A perspetiva europeia reconhecida à Ucrânia não é suficiente para
justificar a adesão; e, por muito comovente que esta possa parecer enquanto
gesto simbólico, não podemos, com ele, comprometer aquilo que, melhor ou pior,
a União ainda representa, e a proficiência no exercício das competências
específicas que são, afinal, a razão última da sua manutenção.
A Ucrânia pode, e deve, ser um país amigo de uma União Europeia que, pelo que
representa o terrível sacrifício, muito lhe ficará a dever. Mas, para tanto,
não terá, inevitavelmente, de se tornar um Estado-membro. A coragem no campo
de batalha é um atributo raro e nobre, mas, no que toca a uma união económica,
não é um requisito ou uma mais-valia num processo de adesão.
A eficácia da União Europeia depende, fortemente, da credibilidade, e esta da
racionalidade na gestão, enquanto a Ucrânia é hoje, pelas razões piores, mas
mais legítimas e evidentes, um estado governado com o coração.

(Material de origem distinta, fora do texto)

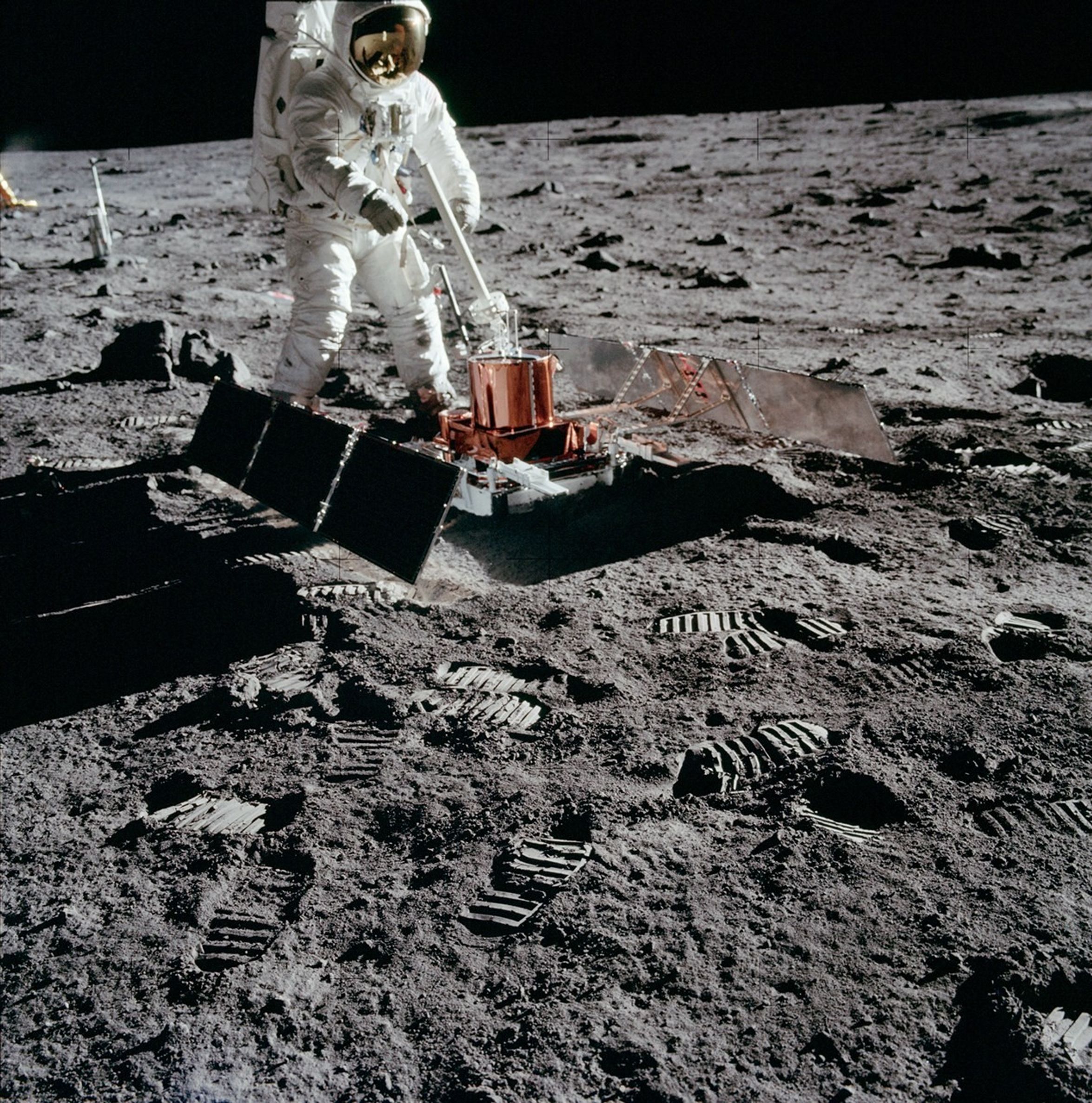 Базз Олдрин устанавливает пассивный сейсмический эксперимент Apollo 11 на поверхности Луны.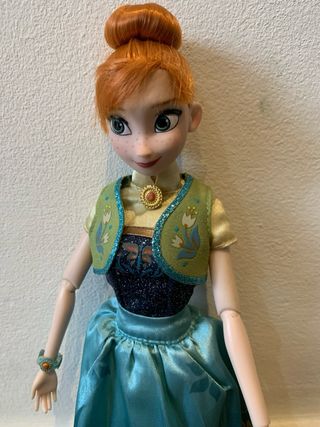 Muñeca Elsa y Anna Frozen Disney store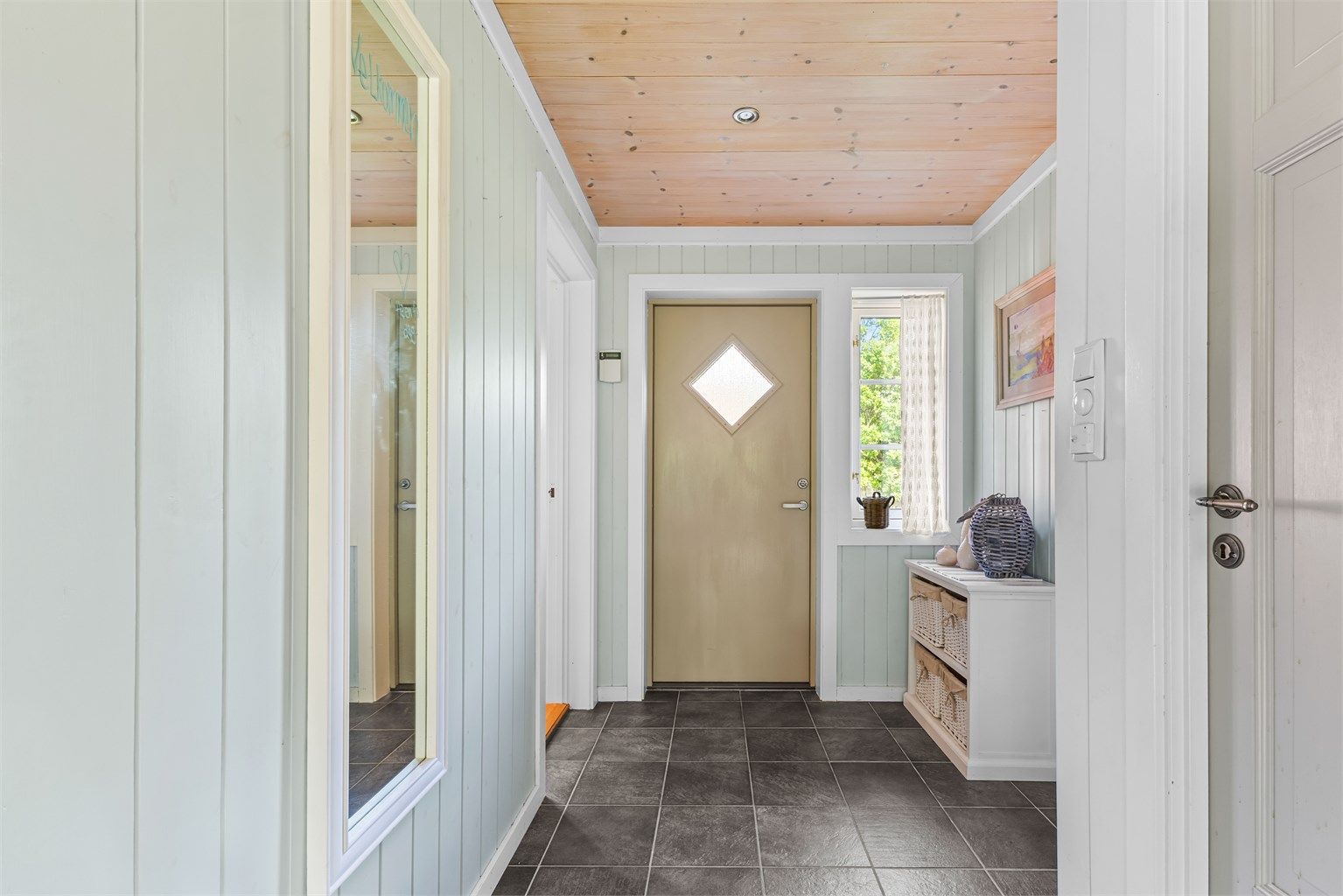 Gang/entre ønsker velkommen med flislagt gulv og behagelig gulvvarme.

Não nos deixemos, pois, embalar pelo mediaticamente empolgante, pelo
politicamente correto, nem pelas atualmente mais fortes batidas do nosso
coração: uma vez admitida num quadro de exigência de unanimidade, a
nacionalista Ucrânia não deixará de representar mais um espinho na já esbroada
coroa da União.
Que, aos europeus, jamais falte ânimo ou empenho no apoio a quem dele
necessita; mas, que não lhes falte lucidez e bom senso na defesa de uma cada
vez mais indispensável União.
* *
Portugal apoia, com naturalidade, a defesa da Ucrânia. Apoia, com uma pequena exceção, um pequeno feudo de irredutíveis e anquilosados militantes, soturnos, bisonhos, alienados, simplesmente o oposto dos irredutíveis gauleses conterrâneos do saudoso Astérix.